▶ [EXERCISE REQUIREMENTS]
Required from the data below: the exact lines starting at the line containing "a meerkat, a" and ending at the line containing "Niedliches Eichhörnchen mit", with both ends kept and all pictures dropped.

▶ [THE RECORDS]
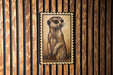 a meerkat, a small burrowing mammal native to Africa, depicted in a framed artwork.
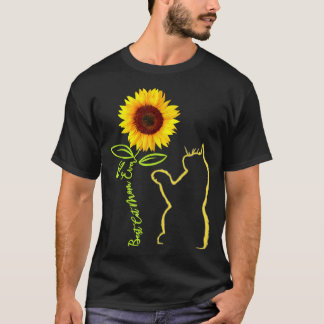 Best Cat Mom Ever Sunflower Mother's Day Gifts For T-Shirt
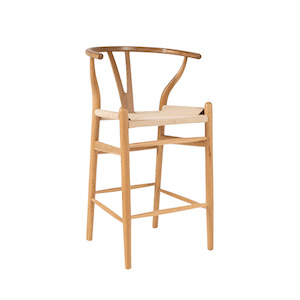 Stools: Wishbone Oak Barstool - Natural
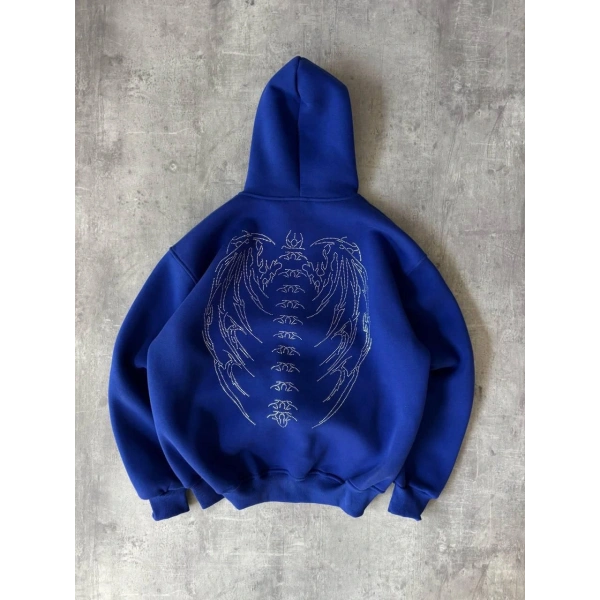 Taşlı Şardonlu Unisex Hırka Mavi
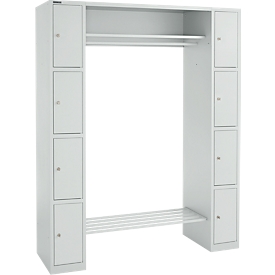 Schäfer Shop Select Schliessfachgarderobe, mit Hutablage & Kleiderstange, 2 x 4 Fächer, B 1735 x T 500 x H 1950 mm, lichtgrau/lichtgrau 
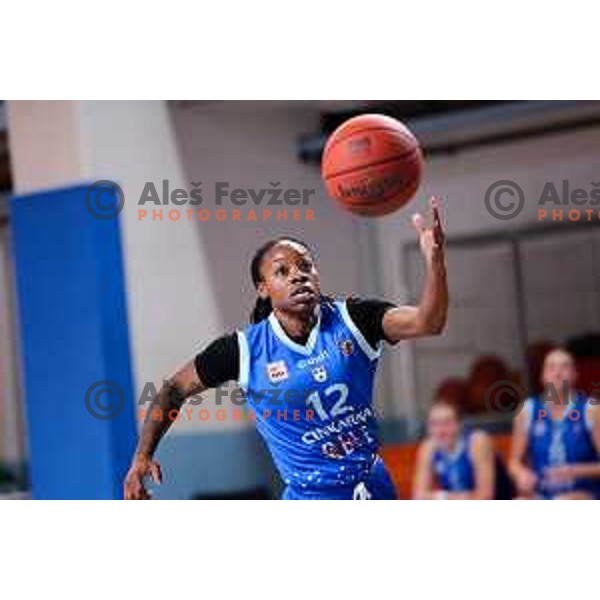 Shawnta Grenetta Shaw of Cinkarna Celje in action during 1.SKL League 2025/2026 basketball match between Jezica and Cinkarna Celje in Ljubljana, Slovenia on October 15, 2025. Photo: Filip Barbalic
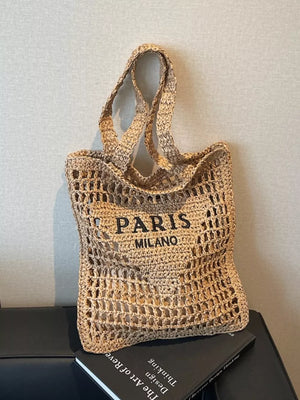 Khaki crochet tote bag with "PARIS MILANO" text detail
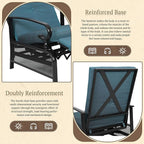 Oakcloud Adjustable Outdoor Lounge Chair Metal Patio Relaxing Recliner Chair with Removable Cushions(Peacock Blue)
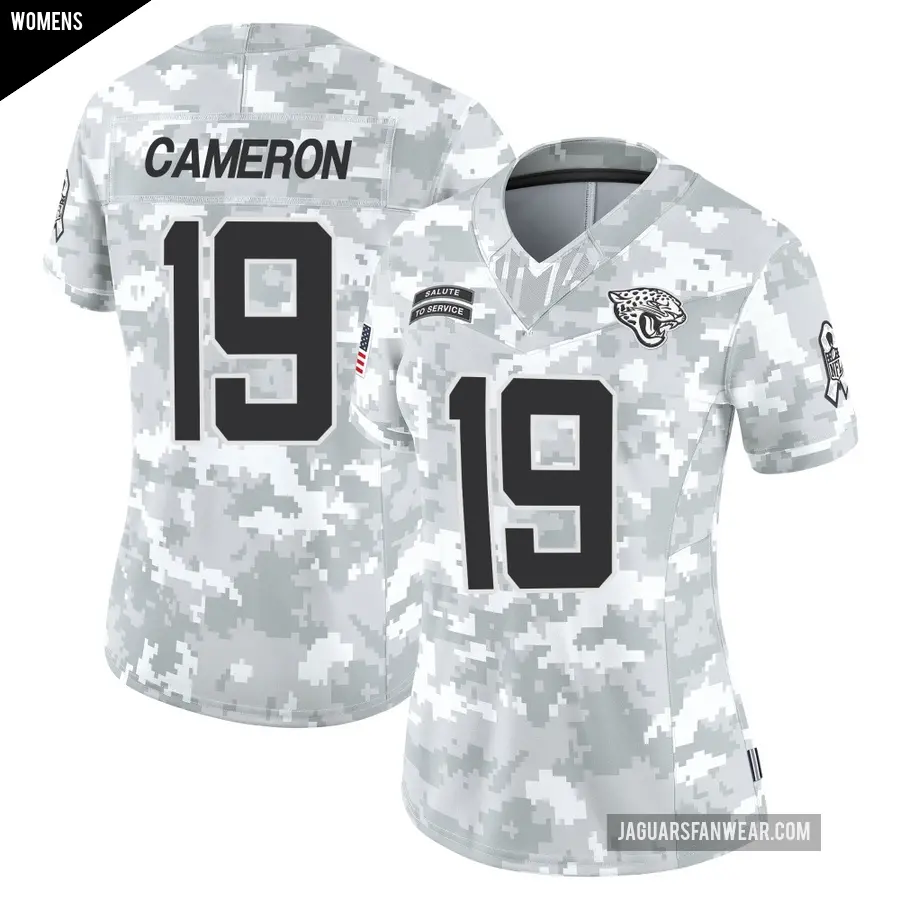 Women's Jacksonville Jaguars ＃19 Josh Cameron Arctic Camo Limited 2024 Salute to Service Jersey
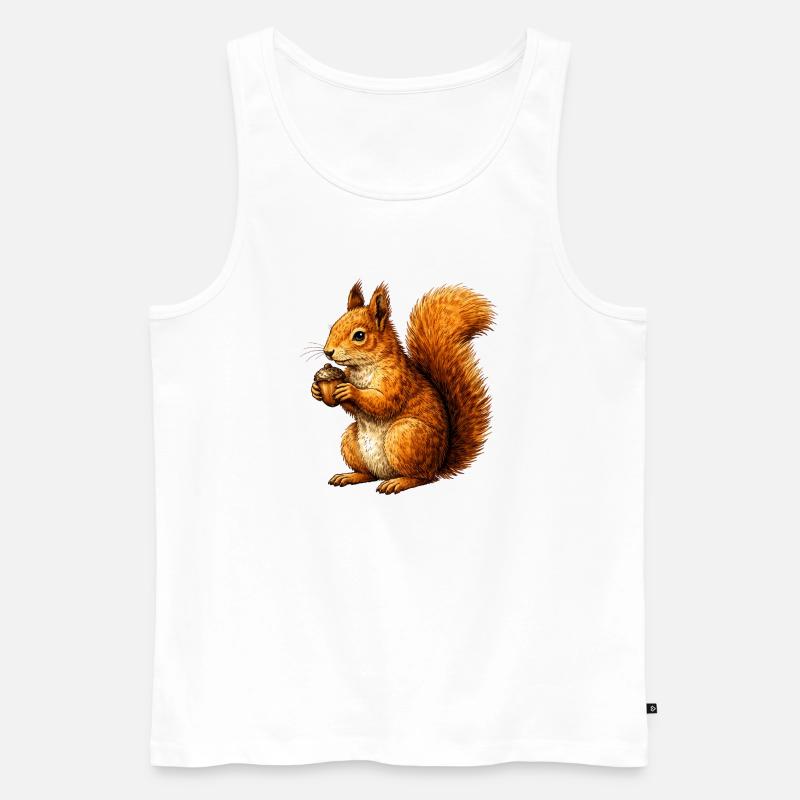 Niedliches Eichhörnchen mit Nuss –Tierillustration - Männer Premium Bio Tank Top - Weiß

==

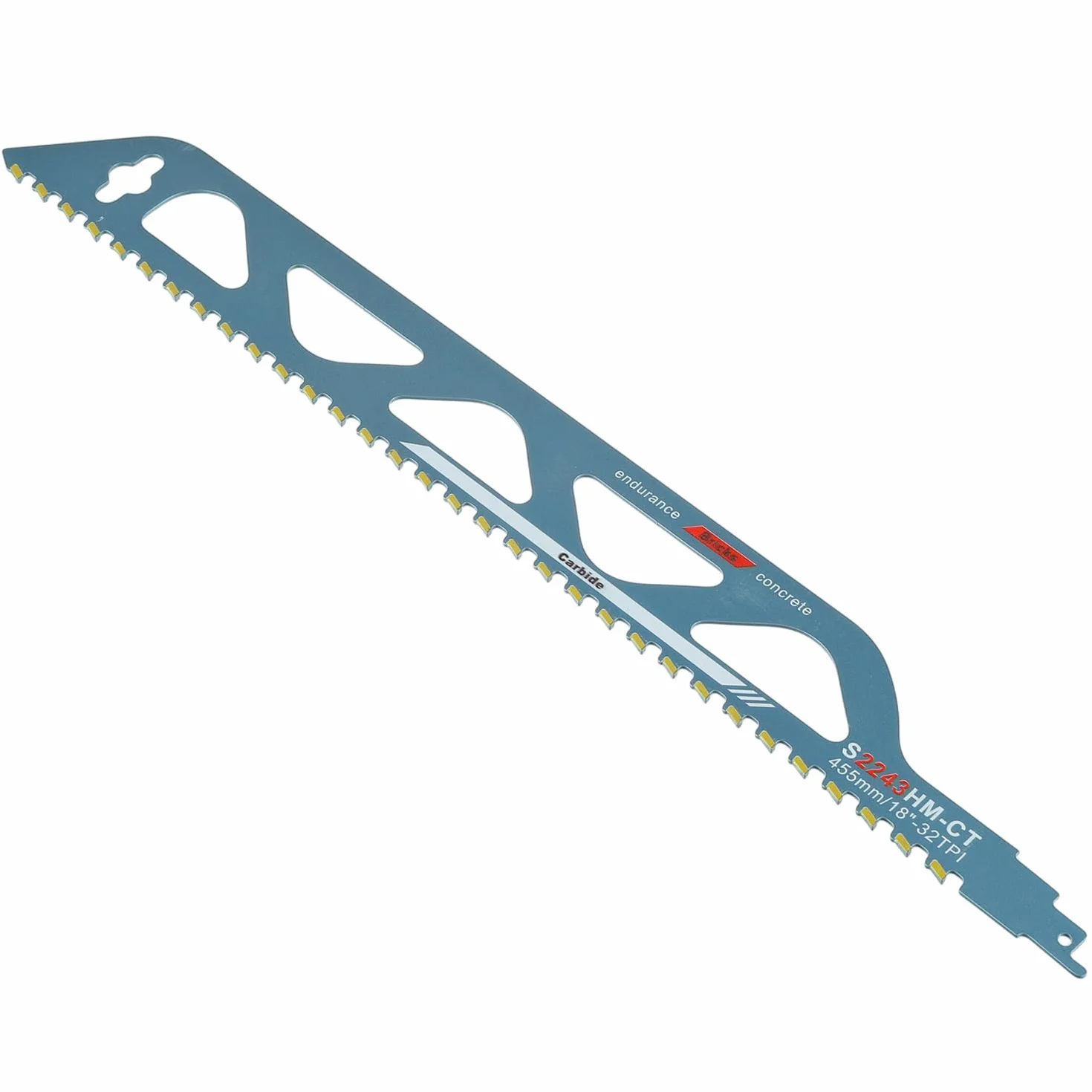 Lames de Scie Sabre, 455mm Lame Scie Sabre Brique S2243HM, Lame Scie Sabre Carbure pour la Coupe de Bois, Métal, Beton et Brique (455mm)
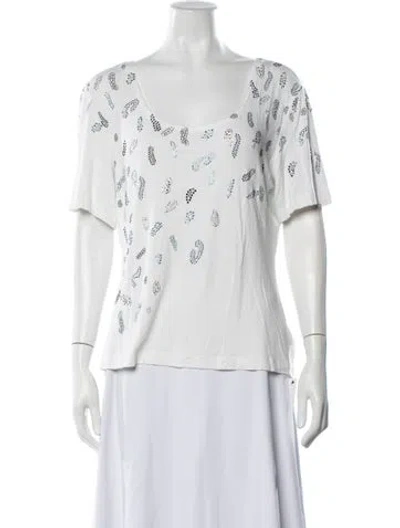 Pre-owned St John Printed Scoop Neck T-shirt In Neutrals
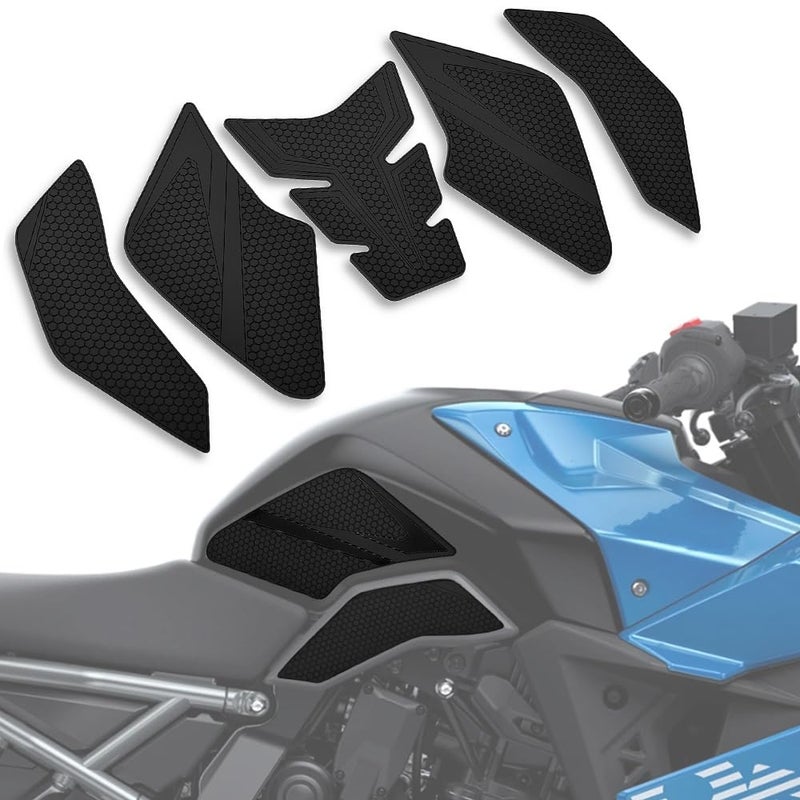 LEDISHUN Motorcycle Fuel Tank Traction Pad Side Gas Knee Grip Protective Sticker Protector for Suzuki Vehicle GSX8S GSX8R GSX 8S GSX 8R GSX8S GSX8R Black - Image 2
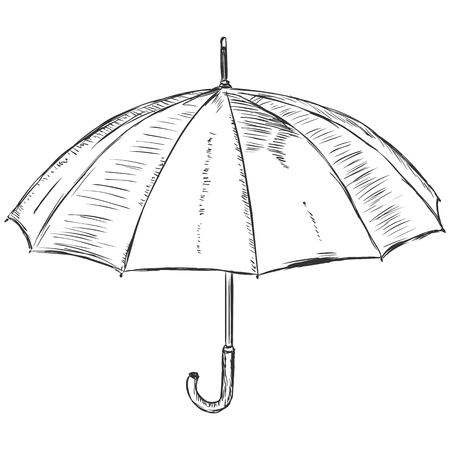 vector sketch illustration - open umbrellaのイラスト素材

--

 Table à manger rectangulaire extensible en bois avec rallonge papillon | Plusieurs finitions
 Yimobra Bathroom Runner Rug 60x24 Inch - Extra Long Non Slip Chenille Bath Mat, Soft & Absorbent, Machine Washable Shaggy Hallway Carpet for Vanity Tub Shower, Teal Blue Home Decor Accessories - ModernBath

▶ [ANSWER SECTION]
 a meerkat, a small burrowing mammal native to Africa, depicted in a framed artwork.
 Best Cat Mom Ever Sunflower Mother's Day Gifts For T-Shirt
 Stools: Wishbone Oak Barstool - Natural
 Taşlı Şardonlu Unisex Hırka Mavi
 Schäfer Shop Select Schliessfachgarderobe, mit Hutablage & Kleiderstange, 2 x 4 Fächer, B 1735 x T 500 x H 1950 mm, lichtgrau/lichtgrau 
 Shawnta Grenetta Shaw of Cinkarna Celje in action during 1.SKL League 2025/2026 basketball match between Jezica and Cinkarna Celje in Ljubljana, Slovenia on October 15, 2025. Photo: Filip Barbalic
 Khaki crochet tote bag with "PARIS MILANO" text detail
 Oakcloud Adjustable Outdoor Lounge Chair Metal Patio Relaxing Recliner Chair with Removable Cushions(Peacock Blue)
 Women's Jacksonville Jaguars ＃19 Josh Cameron Arctic Camo Limited 2024 Salute to Service Jersey
 Niedliches Eichhörnchen mit Nuss –Tierillustration - Männer Premium Bio Tank Top - Weiß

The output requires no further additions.